◆ **Task details**: Omit every picture, and retype the lines that run from the beginning of the data below through the line containing "Trendyolmilla Antrasit Yüksek", inclusive.

==== Records shown

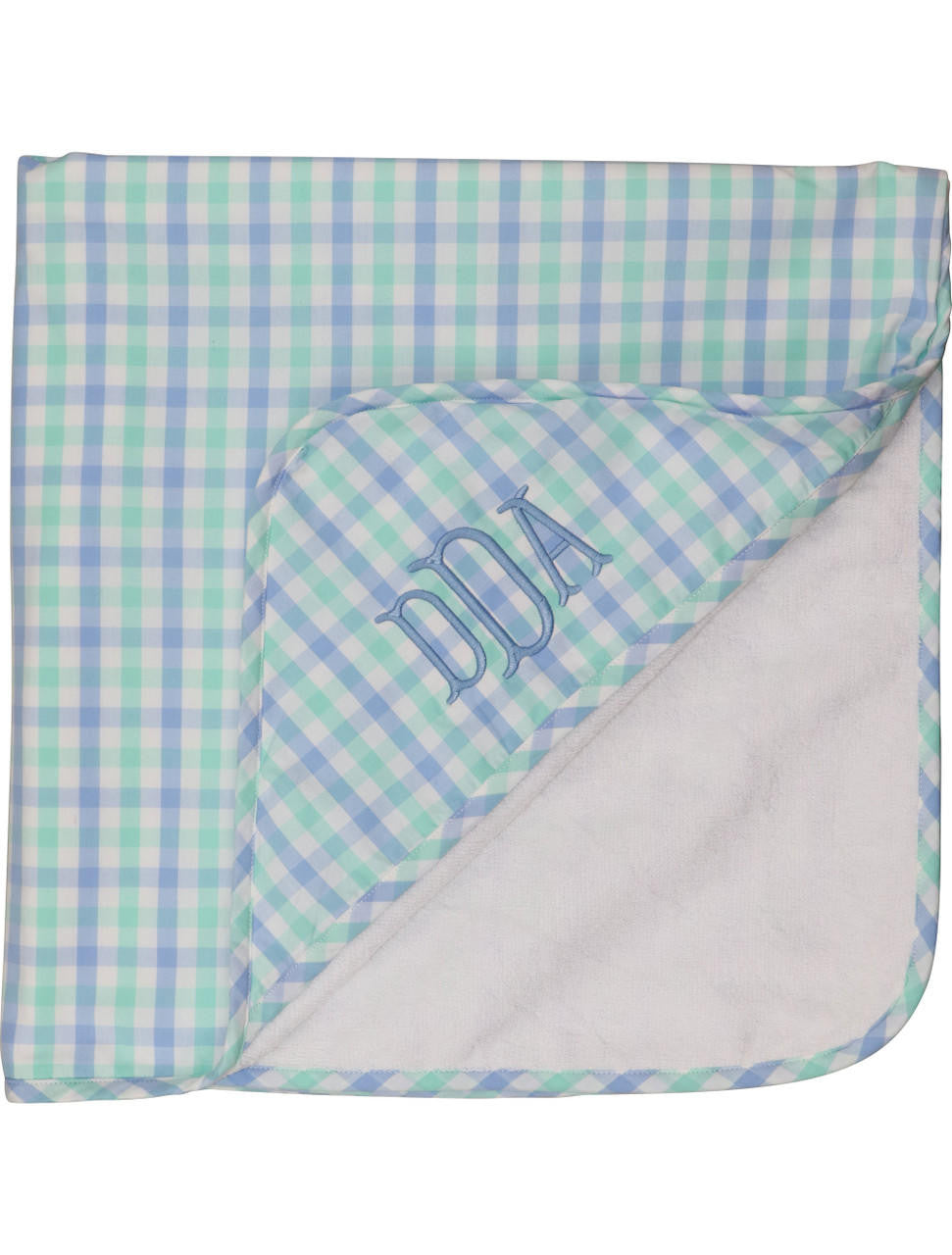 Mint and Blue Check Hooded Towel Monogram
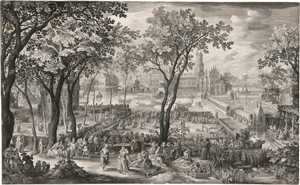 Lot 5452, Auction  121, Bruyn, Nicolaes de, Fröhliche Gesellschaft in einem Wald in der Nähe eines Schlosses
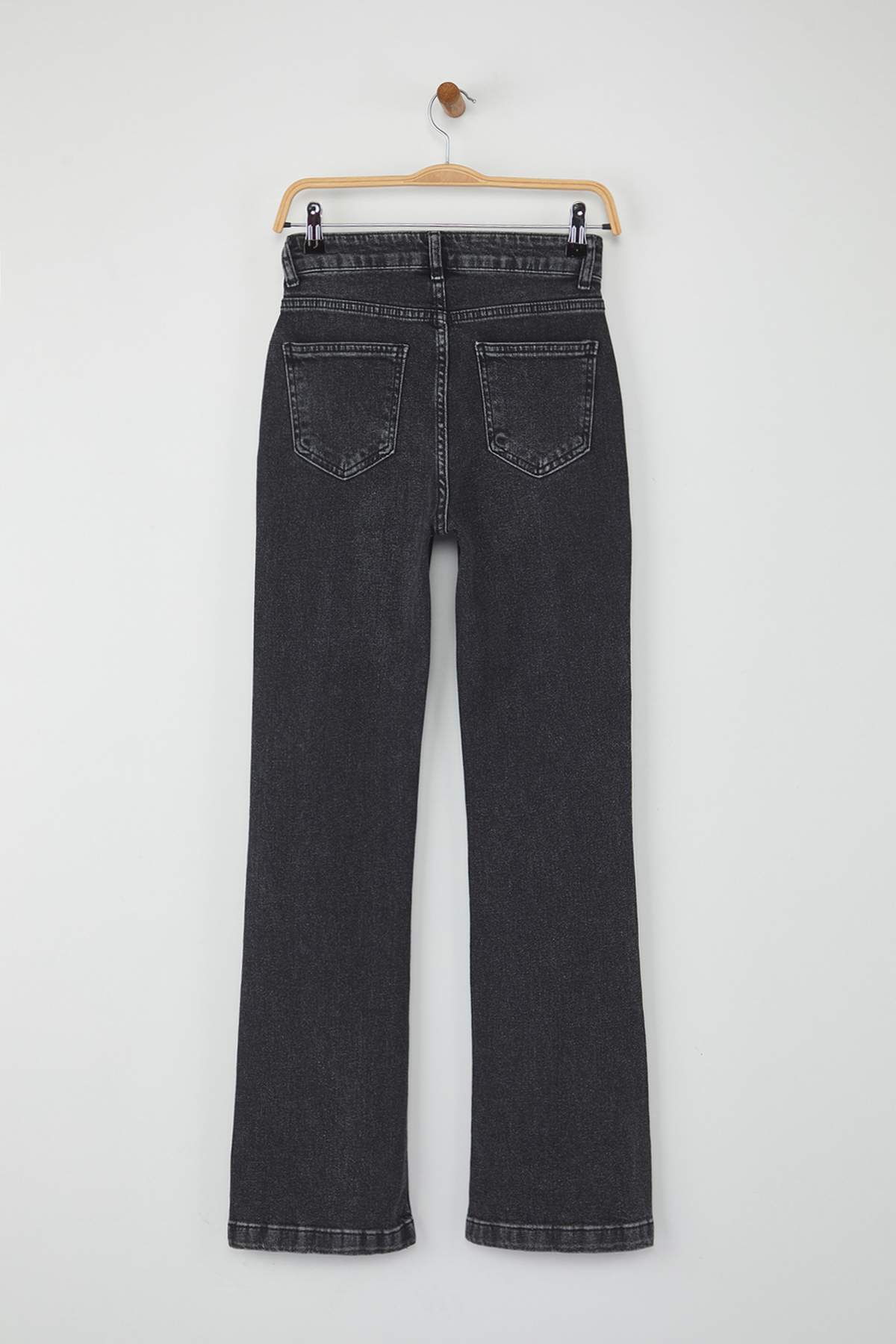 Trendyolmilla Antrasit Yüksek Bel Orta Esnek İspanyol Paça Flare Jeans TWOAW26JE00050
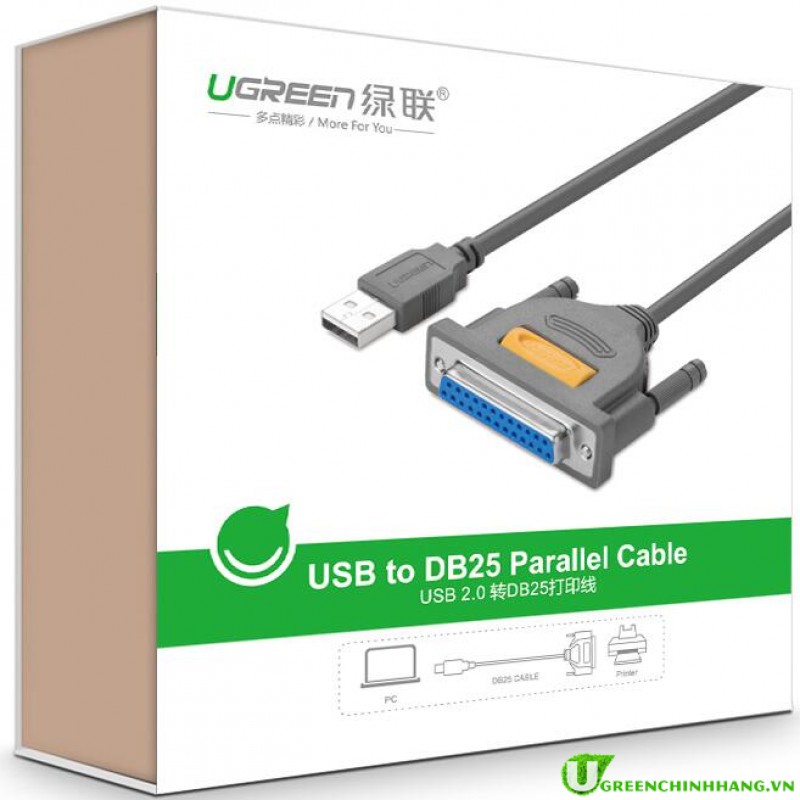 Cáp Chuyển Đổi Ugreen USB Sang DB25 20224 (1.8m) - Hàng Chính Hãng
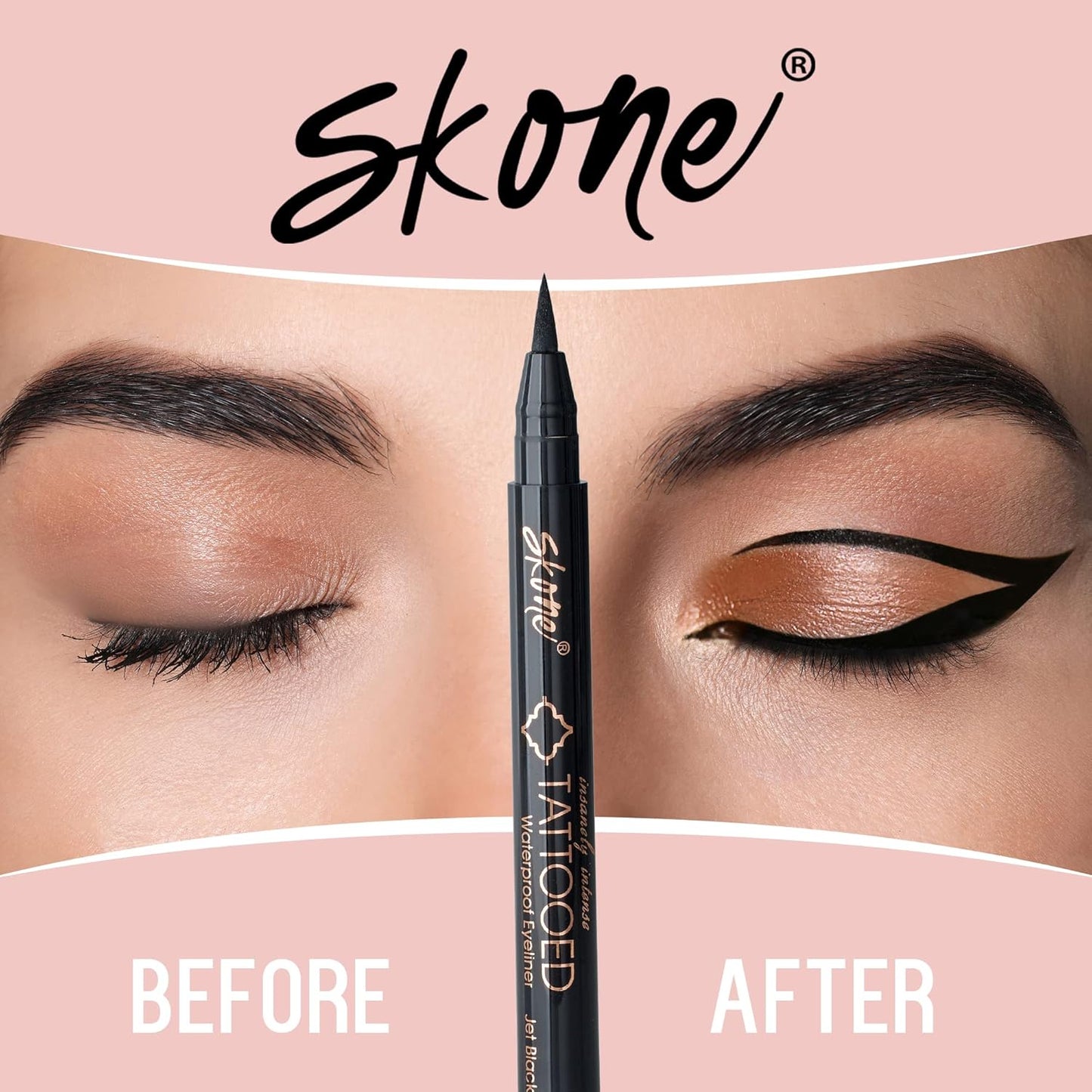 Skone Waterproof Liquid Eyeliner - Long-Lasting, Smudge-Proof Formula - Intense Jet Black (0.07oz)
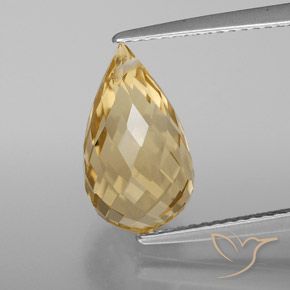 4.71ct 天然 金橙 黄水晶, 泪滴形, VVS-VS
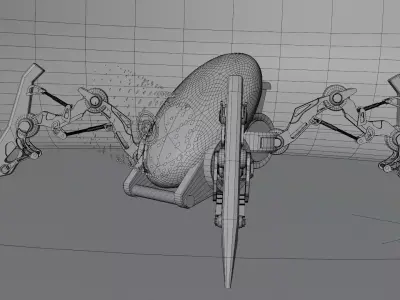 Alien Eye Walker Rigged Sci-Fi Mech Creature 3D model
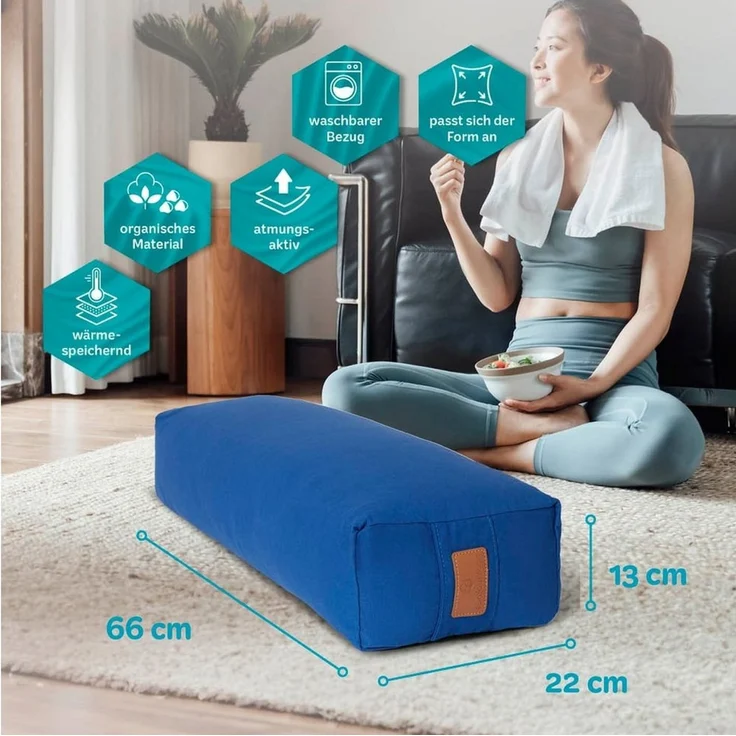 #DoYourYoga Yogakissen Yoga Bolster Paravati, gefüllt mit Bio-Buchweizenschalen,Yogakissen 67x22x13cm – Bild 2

========

◆ **Solution**:
 Mint and Blue Check Hooded Towel Monogram
 Lot 5452, Auction  121, Bruyn, Nicolaes de, Fröhliche Gesellschaft in einem Wald in der Nähe eines Schlosses
 Trendyolmilla Antrasit Yüksek Bel Orta Esnek İspanyol Paça Flare Jeans TWOAW26JE00050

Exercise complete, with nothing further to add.